- **PROBLEM REQUIREMENTS**
Only a slice of the listing below is wanted. Retype the lines from the one containing "PERFECT POSTURE Max" through the one containing "Leo messi ready", exactly, both ends included.

- **TASK MATERIAL**
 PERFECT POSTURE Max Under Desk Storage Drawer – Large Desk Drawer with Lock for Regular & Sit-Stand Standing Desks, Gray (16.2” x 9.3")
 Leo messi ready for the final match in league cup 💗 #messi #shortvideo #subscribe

* * *

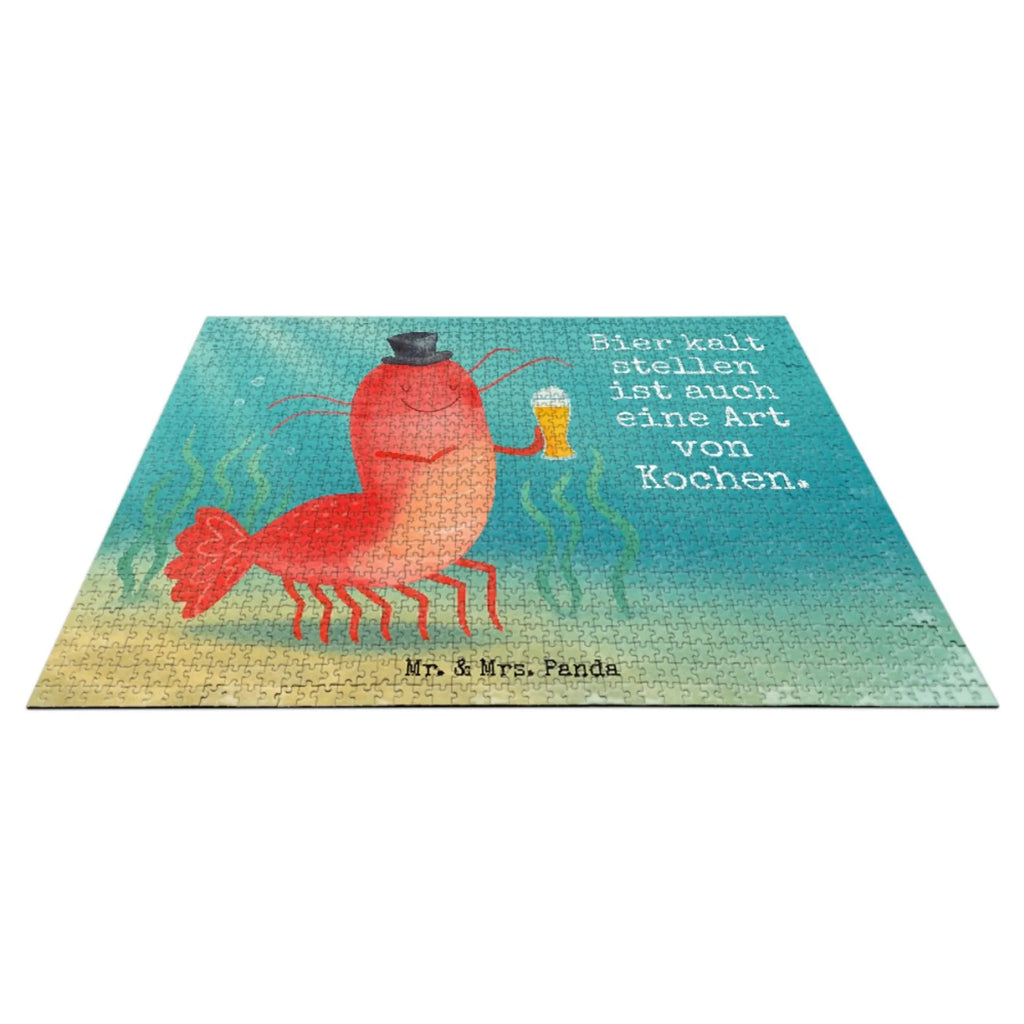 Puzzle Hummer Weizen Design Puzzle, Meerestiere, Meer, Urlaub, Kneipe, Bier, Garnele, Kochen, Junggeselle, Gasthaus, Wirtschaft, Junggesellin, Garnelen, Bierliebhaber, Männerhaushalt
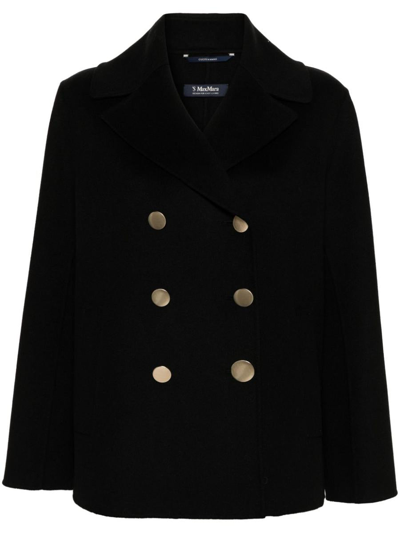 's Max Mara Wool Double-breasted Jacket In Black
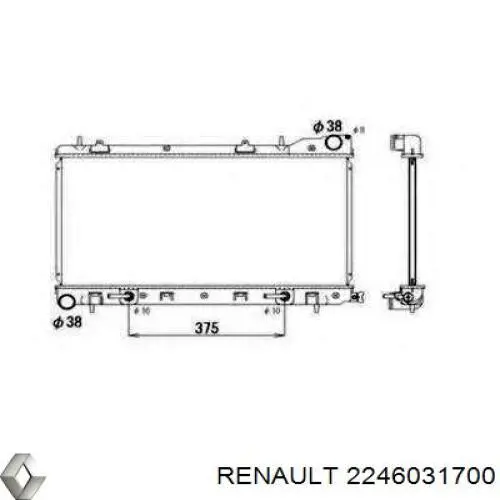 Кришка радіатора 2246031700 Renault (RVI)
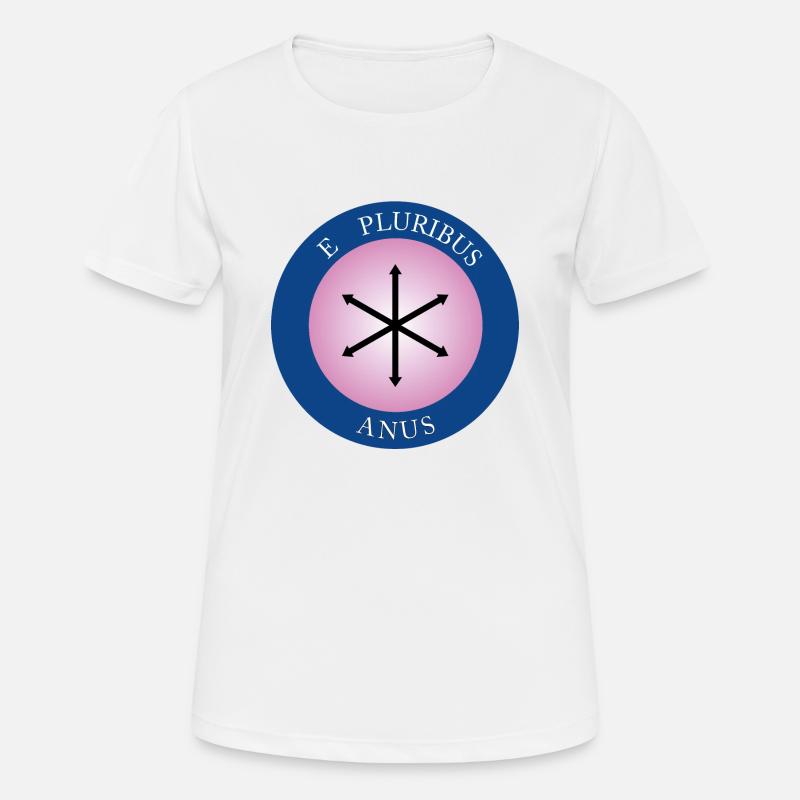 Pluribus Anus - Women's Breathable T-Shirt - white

* * *

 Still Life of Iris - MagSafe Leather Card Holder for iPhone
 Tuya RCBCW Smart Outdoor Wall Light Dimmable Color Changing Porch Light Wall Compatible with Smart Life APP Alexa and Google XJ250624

- **SOLUTION TO THIS TASK**
 PERFECT POSTURE Max Under Desk Storage Drawer – Large Desk Drawer with Lock for Regular & Sit-Stand Standing Desks, Gray (16.2” x 9.3")
 Leo messi ready for the final match in league cup 💗 #messi #shortvideo #subscribe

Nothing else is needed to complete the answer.